In compilers, there's been a recent uptick in industry research and adoption into using equivalency classes and graphs (egraphs) for doing optimization passes in a way that preserves information and solves the phase ordering problem. Egg[0] was one of the big libraries that came out of it, but can only handle term rewriting without guards, and so can't express y/x*x -> y because it's unsound when x=0, or optimization passes that are across control flow points and thus some of the eclasses are only valid in some locations. The Cranelift developers adapted it into a construction they call aegraphs[1] that handles this, and are migrating Cranelift to use these passes for all optimizations, which is (hopefully) faster and achieves more optimization opportunitie; Chris Fallin is presenting about their aegraph work at PLDI this year.

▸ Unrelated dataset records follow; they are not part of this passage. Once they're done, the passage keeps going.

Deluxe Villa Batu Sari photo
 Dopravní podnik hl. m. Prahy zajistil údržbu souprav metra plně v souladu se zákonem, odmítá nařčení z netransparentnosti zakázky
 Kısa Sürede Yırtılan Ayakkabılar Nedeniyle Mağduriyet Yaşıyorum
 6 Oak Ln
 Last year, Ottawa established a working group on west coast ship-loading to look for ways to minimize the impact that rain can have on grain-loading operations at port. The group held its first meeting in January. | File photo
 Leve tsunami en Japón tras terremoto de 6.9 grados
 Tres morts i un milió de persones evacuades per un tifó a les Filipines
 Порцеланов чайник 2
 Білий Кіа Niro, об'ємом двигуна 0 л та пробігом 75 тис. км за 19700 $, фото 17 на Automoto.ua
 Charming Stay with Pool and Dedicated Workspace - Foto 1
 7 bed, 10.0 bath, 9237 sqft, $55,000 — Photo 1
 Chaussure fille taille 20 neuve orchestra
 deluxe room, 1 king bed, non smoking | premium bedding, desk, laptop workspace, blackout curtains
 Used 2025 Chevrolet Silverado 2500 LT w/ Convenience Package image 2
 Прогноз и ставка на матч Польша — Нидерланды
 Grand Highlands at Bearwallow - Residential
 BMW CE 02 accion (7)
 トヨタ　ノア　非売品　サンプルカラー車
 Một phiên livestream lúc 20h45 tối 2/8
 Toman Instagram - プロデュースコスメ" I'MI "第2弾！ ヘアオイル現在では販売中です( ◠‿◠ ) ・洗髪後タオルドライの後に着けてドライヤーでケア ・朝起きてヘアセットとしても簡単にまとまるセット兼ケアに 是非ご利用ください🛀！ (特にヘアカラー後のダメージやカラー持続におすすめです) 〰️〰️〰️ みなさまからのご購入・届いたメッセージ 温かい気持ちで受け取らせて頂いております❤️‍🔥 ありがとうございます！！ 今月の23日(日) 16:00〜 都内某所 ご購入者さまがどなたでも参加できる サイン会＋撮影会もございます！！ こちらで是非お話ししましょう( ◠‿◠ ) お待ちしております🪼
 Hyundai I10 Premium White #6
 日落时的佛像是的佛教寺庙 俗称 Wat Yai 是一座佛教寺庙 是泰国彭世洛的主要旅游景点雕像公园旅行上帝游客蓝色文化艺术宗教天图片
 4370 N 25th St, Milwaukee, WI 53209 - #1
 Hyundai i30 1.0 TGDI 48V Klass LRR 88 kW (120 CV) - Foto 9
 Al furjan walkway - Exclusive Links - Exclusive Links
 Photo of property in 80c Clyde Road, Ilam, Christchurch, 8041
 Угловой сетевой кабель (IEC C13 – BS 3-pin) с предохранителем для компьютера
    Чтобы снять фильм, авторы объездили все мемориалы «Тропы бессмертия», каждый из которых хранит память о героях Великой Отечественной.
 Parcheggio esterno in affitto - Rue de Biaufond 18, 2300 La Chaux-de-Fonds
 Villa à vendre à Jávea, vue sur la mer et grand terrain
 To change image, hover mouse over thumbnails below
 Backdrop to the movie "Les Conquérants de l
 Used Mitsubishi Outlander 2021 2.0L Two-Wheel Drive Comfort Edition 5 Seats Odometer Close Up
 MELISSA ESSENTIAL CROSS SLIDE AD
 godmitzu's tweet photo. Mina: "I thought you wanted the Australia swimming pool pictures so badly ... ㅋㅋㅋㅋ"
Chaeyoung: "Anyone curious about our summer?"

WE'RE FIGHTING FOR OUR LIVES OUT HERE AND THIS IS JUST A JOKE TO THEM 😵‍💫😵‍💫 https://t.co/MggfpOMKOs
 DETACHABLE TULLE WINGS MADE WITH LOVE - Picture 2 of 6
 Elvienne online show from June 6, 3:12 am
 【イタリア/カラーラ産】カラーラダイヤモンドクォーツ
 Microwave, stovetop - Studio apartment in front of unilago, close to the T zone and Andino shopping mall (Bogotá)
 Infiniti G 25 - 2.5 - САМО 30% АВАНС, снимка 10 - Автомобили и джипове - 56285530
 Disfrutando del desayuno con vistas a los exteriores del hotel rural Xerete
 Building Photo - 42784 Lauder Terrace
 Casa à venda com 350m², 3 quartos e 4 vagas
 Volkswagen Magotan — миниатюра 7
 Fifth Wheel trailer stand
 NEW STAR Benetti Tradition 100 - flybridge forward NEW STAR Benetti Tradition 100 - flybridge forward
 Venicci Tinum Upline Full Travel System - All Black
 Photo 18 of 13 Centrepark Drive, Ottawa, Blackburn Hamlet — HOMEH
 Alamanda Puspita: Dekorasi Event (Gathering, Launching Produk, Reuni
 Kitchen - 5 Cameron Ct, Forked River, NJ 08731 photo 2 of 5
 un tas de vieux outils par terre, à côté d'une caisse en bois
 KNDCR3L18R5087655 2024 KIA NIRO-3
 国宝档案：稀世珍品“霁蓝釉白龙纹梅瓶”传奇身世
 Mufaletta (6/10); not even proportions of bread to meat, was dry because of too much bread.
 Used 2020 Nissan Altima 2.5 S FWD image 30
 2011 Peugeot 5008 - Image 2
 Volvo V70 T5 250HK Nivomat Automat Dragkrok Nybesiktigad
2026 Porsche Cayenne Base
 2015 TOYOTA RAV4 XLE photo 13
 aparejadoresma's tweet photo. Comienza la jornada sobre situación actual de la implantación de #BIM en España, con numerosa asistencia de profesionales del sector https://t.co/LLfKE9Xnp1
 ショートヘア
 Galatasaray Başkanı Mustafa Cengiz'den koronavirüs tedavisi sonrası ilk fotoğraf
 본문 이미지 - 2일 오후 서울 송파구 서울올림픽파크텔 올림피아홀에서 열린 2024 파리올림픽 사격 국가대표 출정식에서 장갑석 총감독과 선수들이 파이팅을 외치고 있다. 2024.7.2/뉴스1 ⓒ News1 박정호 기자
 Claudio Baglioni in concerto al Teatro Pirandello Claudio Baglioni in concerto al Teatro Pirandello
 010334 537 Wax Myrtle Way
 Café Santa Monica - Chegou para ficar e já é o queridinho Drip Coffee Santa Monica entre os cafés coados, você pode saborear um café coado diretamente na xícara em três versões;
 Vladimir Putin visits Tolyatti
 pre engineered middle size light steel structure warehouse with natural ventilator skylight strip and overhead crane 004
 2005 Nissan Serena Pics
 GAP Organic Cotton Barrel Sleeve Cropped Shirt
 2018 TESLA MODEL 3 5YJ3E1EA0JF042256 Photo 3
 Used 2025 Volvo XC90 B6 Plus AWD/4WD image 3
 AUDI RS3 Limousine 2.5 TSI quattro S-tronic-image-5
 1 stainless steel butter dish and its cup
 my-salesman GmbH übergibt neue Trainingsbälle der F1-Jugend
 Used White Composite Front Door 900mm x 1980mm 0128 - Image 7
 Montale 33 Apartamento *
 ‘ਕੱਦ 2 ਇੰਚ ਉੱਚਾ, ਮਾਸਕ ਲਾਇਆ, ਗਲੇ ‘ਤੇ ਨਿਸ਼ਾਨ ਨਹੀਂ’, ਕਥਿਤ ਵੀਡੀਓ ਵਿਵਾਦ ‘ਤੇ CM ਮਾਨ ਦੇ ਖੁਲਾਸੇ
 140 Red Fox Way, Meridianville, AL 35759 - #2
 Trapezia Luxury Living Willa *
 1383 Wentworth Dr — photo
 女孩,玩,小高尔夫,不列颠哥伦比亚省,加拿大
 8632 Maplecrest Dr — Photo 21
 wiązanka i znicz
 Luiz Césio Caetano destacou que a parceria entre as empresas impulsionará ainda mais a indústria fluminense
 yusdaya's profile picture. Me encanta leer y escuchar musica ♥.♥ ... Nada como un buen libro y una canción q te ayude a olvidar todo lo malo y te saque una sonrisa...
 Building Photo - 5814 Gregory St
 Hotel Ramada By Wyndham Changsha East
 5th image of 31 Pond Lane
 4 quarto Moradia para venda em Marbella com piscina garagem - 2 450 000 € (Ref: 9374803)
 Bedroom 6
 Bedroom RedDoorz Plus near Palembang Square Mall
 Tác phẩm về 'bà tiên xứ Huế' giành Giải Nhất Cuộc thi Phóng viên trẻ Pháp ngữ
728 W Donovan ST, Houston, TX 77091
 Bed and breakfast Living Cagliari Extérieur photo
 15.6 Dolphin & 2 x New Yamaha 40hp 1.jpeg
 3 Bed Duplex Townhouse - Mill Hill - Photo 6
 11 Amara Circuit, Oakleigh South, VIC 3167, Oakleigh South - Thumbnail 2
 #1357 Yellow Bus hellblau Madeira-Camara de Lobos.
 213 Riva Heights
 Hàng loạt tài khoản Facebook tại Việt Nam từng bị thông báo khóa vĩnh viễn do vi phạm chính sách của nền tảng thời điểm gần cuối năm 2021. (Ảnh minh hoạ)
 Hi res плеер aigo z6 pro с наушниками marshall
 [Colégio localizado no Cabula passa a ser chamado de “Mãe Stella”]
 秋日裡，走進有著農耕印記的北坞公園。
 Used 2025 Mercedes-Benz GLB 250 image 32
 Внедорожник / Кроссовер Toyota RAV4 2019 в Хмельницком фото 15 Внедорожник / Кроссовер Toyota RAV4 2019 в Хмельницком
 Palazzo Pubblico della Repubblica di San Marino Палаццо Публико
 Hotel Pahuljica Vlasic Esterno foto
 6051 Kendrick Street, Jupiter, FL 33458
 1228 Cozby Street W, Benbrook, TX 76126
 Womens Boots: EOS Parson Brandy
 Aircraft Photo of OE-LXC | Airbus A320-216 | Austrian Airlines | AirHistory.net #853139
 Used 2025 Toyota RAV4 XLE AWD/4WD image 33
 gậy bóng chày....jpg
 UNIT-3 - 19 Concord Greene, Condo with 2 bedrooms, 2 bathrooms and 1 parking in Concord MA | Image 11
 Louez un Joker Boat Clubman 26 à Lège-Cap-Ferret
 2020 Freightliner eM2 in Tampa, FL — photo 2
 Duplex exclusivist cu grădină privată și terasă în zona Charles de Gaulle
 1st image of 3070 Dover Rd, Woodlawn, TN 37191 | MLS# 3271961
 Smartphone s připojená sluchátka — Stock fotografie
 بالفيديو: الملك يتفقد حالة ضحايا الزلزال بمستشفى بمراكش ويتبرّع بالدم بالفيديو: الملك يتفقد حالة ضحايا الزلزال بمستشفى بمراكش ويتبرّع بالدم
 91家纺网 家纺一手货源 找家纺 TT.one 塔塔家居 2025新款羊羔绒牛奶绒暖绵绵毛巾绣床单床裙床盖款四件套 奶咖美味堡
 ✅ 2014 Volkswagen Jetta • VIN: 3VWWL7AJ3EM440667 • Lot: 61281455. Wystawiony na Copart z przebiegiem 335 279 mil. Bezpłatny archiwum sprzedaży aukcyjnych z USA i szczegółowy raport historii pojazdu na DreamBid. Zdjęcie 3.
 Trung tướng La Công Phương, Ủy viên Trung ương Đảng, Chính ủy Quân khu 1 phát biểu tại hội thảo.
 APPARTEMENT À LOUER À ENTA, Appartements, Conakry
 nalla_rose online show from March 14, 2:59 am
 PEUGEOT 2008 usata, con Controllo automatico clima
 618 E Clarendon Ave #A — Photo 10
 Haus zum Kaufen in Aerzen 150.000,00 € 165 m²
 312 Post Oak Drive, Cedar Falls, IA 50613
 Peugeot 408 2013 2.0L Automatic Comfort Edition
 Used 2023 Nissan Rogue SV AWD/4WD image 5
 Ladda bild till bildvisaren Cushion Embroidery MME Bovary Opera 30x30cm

The other recent research that's been interesting to watch has been in logic programming (Prolog and Datalog), where there's been a lot of papers extending Datalog with semilattice types that are more efficient for computing dataflow-type queries (and even getting lattice types added to Souffle recently), including papers like datafun[0] extending it to sound incremental queries for more efficient execution - and there's even a paper by the Egg authors using it for efficient eclass-based Datalog queries using lattices[1]. It also seems like there has been more work recently in actually integrating logic programming in existing languages and programs, like ascent[2], instead of it being off in it's own world like it seems has historically been the case.
How does Datalog with e-graphs compare to Datalog with BDDs in terms of what analyses can be performed? bddbddb is a Datalog engine using BDDs, that, according to their 2005 paper[0], can solve problems like context-sensitive pointer analysis for large programs and analyses implemented with it are faster than hand-tuned implementations in dramatically fewer lines of code. I'm not knowledgeable on what modern Datalog engines are based on.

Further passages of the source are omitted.